**Data for processing:**
__________________________________________________

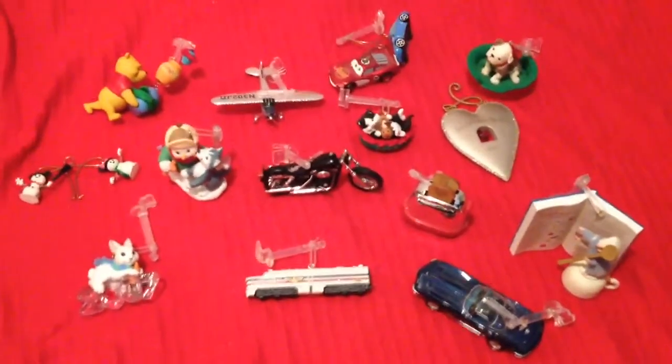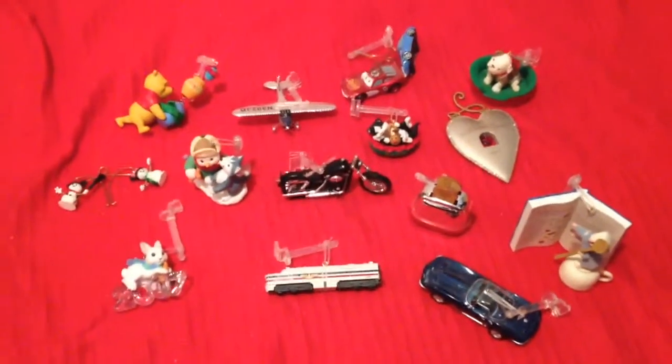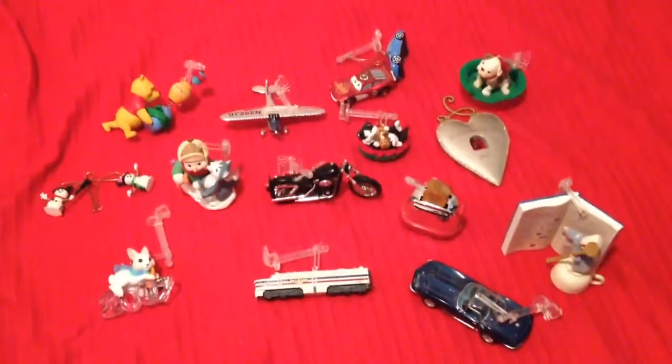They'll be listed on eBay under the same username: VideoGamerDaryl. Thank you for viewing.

__________________________________________________

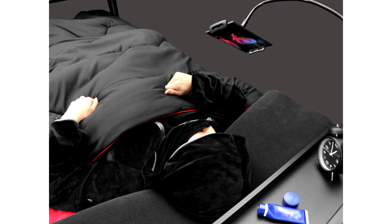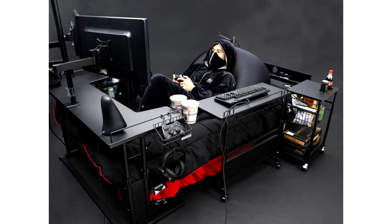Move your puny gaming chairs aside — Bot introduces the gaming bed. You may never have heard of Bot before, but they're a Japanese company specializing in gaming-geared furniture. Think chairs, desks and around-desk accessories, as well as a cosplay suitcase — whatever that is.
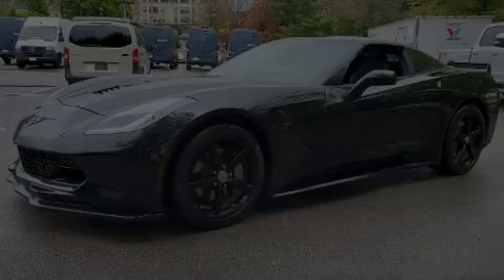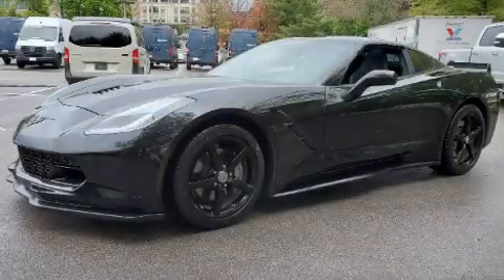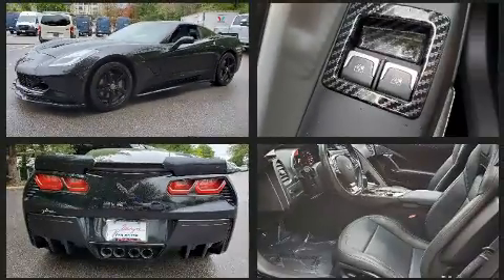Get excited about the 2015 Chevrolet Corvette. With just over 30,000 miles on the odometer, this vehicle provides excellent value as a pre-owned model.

__________________________________________________

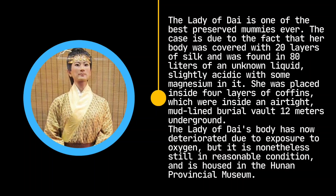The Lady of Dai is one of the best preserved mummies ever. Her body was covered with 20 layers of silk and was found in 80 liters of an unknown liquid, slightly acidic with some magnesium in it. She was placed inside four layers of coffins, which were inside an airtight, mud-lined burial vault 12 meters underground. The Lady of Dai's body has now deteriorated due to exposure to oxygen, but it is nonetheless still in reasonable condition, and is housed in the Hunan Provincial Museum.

__________________________________________________

**Exercise brief:**
Extract the part of the records that opens with the line containing "Move your puny" and closes with the line containing "Get excited about". Take only those lines, exactly, and no pictures.

**Exercise answer:**
Move your puny gaming chairs aside — Bot introduces the gaming bed. You may never have heard of Bot before, but they're a Japanese company specializing in gaming-geared furniture. Think chairs, desks and around-desk accessories, as well as a cosplay suitcase — whatever that is.
Get excited about the 2015 Chevrolet Corvette. With just over 30,000 miles on the odometer, this vehicle provides excellent value as a pre-owned model.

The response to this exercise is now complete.